■ **YOUR TASK**: For the listing below, output exactly the lines from the line with "TOYOTA Hiace D-4D Van SWB-image-1" up to and including the line with "一起来回顾@胡歌 @刘亦菲 的同框图……__财经头条", and no other lines.
■ ■ ■ ■
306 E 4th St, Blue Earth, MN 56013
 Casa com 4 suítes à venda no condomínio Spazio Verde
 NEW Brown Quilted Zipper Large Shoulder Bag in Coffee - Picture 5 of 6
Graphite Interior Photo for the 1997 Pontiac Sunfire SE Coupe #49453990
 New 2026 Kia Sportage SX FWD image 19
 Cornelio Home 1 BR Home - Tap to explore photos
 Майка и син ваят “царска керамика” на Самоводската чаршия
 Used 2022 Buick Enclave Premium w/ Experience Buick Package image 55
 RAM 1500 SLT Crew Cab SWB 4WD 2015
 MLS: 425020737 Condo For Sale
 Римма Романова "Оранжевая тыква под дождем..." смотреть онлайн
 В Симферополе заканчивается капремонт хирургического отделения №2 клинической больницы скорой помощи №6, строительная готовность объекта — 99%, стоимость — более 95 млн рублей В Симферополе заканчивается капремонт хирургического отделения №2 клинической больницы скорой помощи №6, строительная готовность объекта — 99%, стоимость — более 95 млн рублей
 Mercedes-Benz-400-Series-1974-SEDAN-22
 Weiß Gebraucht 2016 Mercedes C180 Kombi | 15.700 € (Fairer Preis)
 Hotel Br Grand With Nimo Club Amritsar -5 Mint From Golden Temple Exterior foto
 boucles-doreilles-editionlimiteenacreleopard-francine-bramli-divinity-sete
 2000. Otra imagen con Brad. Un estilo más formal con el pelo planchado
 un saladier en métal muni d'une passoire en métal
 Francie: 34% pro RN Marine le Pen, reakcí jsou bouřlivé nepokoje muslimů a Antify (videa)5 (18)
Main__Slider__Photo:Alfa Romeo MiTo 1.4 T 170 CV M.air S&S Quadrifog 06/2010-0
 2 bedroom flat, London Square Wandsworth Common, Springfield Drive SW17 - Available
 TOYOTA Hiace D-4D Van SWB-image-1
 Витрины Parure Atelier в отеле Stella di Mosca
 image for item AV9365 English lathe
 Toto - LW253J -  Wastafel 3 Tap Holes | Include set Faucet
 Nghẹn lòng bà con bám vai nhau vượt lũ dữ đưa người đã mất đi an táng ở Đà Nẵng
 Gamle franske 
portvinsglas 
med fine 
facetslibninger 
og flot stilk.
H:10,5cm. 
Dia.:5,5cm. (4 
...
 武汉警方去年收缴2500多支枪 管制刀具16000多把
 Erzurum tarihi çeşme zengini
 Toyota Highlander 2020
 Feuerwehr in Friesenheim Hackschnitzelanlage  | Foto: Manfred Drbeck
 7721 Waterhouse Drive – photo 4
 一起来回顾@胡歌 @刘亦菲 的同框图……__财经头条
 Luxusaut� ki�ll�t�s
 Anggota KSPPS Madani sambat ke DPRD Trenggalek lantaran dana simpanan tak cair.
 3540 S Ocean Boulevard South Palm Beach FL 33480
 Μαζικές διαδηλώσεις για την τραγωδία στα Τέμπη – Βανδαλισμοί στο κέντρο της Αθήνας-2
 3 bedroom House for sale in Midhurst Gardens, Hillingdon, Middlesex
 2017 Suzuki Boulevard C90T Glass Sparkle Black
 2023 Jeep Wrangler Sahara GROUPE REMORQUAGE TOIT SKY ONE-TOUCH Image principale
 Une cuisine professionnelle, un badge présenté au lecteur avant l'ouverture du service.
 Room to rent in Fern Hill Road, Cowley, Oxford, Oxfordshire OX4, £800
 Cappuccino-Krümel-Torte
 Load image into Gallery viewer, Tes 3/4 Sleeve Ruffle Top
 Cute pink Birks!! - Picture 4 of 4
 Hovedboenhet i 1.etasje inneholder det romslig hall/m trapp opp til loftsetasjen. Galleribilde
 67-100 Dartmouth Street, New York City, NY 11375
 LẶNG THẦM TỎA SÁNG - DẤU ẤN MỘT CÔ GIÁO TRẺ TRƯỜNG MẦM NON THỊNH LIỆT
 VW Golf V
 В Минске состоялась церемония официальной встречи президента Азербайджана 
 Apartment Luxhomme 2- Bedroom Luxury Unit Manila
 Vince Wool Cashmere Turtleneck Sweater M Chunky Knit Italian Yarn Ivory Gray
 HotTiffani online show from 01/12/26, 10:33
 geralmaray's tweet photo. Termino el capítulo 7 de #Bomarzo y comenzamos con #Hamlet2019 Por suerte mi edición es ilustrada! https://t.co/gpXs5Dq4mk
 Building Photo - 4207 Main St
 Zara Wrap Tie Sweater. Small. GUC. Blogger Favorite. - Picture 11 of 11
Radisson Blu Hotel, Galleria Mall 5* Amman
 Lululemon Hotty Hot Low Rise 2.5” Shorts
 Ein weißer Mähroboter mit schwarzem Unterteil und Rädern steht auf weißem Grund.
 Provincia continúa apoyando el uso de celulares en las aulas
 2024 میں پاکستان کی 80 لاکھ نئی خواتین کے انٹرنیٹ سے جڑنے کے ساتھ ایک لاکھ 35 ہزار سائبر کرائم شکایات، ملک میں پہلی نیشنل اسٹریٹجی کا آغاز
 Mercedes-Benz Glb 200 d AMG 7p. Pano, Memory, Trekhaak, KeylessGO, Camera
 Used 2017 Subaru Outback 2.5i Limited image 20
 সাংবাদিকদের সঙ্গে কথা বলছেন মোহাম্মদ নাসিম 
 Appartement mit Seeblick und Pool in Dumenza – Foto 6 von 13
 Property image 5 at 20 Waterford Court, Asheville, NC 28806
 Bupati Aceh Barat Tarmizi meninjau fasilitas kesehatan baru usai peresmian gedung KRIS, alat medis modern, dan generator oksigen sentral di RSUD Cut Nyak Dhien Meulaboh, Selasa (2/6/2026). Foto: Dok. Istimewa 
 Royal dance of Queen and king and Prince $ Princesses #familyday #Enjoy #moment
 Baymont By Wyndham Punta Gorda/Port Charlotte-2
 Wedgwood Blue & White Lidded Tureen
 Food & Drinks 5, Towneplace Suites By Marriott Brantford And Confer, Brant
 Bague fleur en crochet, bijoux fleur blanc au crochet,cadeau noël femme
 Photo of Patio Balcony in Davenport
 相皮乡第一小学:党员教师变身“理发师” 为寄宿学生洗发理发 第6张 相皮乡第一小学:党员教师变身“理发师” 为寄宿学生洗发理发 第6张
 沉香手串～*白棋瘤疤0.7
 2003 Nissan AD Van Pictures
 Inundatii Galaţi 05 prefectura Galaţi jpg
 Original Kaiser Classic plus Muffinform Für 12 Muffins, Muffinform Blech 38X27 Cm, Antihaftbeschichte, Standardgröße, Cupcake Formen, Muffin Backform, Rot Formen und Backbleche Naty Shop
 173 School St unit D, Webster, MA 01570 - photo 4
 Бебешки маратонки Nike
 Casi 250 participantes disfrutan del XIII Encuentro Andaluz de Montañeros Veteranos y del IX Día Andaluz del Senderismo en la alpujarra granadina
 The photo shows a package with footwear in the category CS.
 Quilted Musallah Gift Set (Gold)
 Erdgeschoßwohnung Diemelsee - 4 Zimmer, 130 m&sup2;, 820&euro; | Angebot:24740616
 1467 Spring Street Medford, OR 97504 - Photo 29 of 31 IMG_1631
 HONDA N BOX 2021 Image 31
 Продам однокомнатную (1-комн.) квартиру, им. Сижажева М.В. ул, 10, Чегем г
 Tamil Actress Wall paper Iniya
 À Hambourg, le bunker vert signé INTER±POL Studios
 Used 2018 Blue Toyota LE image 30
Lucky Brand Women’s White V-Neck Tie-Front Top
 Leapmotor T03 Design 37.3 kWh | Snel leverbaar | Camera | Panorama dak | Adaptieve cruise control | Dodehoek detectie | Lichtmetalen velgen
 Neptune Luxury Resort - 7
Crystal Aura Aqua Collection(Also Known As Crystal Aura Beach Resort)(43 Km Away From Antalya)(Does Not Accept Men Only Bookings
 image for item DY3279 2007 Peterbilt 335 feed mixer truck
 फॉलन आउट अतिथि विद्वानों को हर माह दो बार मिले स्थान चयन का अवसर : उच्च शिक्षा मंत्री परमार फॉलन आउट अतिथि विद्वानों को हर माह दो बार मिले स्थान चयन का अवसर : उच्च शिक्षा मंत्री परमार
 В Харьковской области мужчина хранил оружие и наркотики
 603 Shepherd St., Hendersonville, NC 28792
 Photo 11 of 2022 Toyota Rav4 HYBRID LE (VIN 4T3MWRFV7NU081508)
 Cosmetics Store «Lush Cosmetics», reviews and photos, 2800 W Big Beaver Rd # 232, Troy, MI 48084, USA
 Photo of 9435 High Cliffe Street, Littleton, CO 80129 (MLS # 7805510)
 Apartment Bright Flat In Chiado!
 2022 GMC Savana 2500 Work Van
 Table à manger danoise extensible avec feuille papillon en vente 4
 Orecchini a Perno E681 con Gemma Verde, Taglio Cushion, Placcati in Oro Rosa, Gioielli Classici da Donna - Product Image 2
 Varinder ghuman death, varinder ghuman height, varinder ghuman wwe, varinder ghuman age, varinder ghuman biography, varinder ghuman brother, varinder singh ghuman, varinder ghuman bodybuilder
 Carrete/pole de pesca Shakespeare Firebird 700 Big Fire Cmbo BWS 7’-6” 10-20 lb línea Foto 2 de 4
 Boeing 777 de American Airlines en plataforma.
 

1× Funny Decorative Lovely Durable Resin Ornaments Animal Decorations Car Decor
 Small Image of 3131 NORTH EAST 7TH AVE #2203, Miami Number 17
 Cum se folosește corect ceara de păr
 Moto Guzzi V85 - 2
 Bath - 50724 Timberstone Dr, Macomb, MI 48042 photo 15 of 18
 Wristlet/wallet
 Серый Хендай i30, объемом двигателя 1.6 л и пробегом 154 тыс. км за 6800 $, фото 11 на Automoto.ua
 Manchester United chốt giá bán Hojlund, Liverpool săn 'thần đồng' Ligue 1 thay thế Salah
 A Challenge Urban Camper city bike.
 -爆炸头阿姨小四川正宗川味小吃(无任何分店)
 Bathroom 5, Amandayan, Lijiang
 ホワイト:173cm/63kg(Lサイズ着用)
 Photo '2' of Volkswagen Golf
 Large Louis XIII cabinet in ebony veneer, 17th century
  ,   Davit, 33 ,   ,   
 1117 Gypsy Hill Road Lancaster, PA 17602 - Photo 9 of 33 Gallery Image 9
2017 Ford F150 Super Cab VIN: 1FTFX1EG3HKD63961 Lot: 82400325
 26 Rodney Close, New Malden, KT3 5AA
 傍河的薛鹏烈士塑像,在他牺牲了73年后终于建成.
■ ■ ■ ■
■ **RESPONSE AREA**:
 TOYOTA Hiace D-4D Van SWB-image-1
 Витрины Parure Atelier в отеле Stella di Mosca
 image for item AV9365 English lathe
 Toto - LW253J -  Wastafel 3 Tap Holes | Include set Faucet
 Nghẹn lòng bà con bám vai nhau vượt lũ dữ đưa người đã mất đi an táng ở Đà Nẵng
 Gamle franske 
portvinsglas 
med fine 
facetslibninger 
og flot stilk.
H:10,5cm. 
Dia.:5,5cm. (4 
...
 武汉警方去年收缴2500多支枪 管制刀具16000多把
 Erzurum tarihi çeşme zengini
 Toyota Highlander 2020
 Feuerwehr in Friesenheim Hackschnitzelanlage  | Foto: Manfred Drbeck
 7721 Waterhouse Drive – photo 4
 一起来回顾@胡歌 @刘亦菲 的同框图……__财经头条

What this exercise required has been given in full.